• [The task]: Write down the listing again exactly as it appears below, without its pictures.

---------- Source data

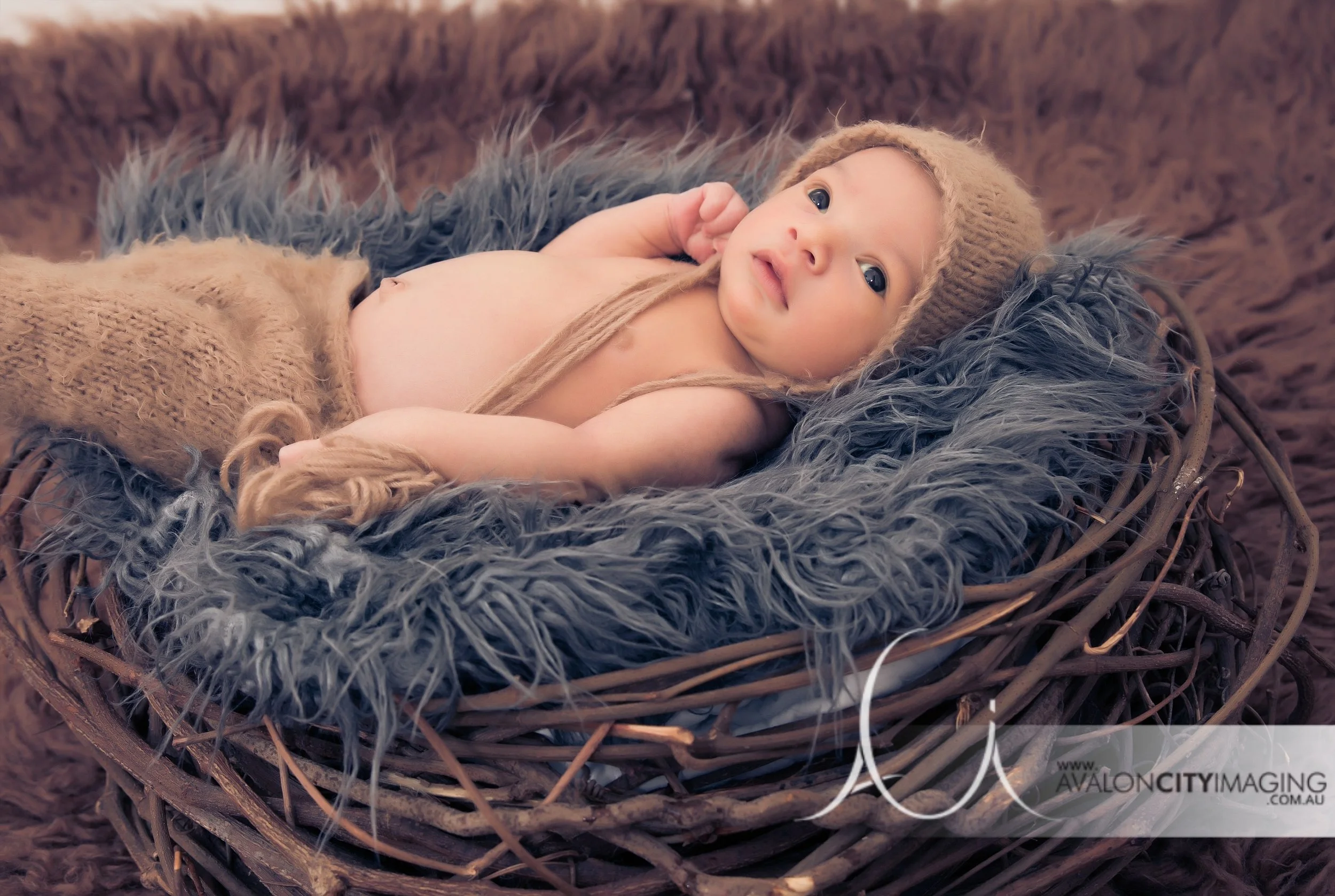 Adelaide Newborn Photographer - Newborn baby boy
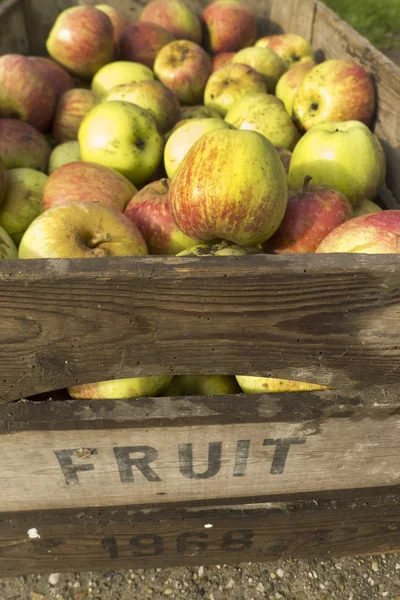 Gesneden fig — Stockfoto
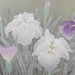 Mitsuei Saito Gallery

--------------------

• [Task output]:
 Adelaide Newborn Photographer - Newborn baby boy
 Gesneden fig — Stockfoto
 Mitsuei Saito Gallery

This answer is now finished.